Buscando indulgencia, el contraste de lo ancestral con lo moderno se evidencia en detalles que pueden pasar desapercibidos, pero que dicen mucho. Suena un teléfono móvil en el lateral de la pequeña ermita. El politono es Escándalo, de Raphael. Miradas esquivas entre el respetable, porque el smartphone está más o menos escondido. Que hay misa, a la antigua usanza: larga. Con silencios de minutos y algún cántico disperso.
Abundan las familias. Con miembros mayores, sí, pero también sus hijos y nietos. Una primera visita matinal, pero luego el aluvión llegará y aparecerán las primeras pandillas con la mochila en la espalda. También de diferentes franjas de edad. En aquella misma puerta secundaria del politono, un hombre bien entrado en la tercera edad luce mejor que algunos chavales. Ropa deportiva como atuendo.
Ha subido a pie, claro. Porque el acceso es peatonal salvo para personas con movilidad reducida. No hay ardid que valga. Un autobús las traslada al punto más alto del monte, al pie del crucero ante el que ya toca la banda y se agolpan tenderetes y equipos de seguridad -bomberos, Policía Local, Nacional y Protección Civil-. Otra tradición: los pocos metros cuadrados disponibles también los ocupa una unidad móvil televisiva.
Arriba hay quien desembarca con la lengua fuera. No cabe duda, descender es mucho más sencillo; las piernas marchan en solitario, prácticamente. Al subir, el camino es discreto, pocos se prestan al trayecto a primera hora. Pero al divisar el antiguo colegio London salen vecinos y visitantes, que aprovechan el lugar para aparcar.
Este último aspecto gana todavía más enteros si nos acercamos a La Torilla, templo de las bodas que ya tiene la luz encendida por entonces. Los tiempos son distintos, porque el recogimiento de muchos se mezcla con los convencionalismos de otros. A los pequeños hay que entretenerlos y gentes que no llevan nada más que lo puesto no se han olvidado, en cambio, de la funda hortera del iPad.
Hombres y mujeres charlando casi a gritos al pie del templo con calzado cómodo, mientras el Señor, me has mirado a los ojos gana decibelios. Termina el oficio religioso y la marea abandona la nave. Colas mal formadas, manos que tocan al vecino de fila como si la confianza se hubiese ganado hace años. Agarrarse a algo o alguien para que no te arrastren.

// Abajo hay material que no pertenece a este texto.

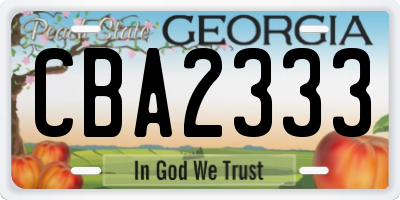 GA license plate CBA2333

Velas y exvotos de tamaños e importes para todos los públicos, la inevitable cinta de rosquillas por 5 euros. Las fotos de la ría, cómo no. En el camino serpenteado desde la carretera a Covas, las cruces que marcan el rumbo asisten impasibles a la parada dulce de panes con chorizo y empanadas del país que pretenden seducir al espectador. Subir a pie frente a la tentación que ama al colesterol en horas de novena y procesión.

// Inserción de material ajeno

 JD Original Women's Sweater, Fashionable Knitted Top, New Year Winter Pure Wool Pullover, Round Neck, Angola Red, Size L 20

Los valientes de cuando las calles no están puestas hablan del tiempo, como en el ascensor. El año pasado llovía mucho; esta vez, apenas unas gotas. Eso no basta para asustar. De hecho, ya ni caen cuando vemos a la virgen por el trayecto principal o por los atajos de toxos. De la calma al bullicio, del rezo a unas señoras que dicen que un hombre las miraba muy cerca del cura. Elisa vende cupones y, está claro, siempre escampa.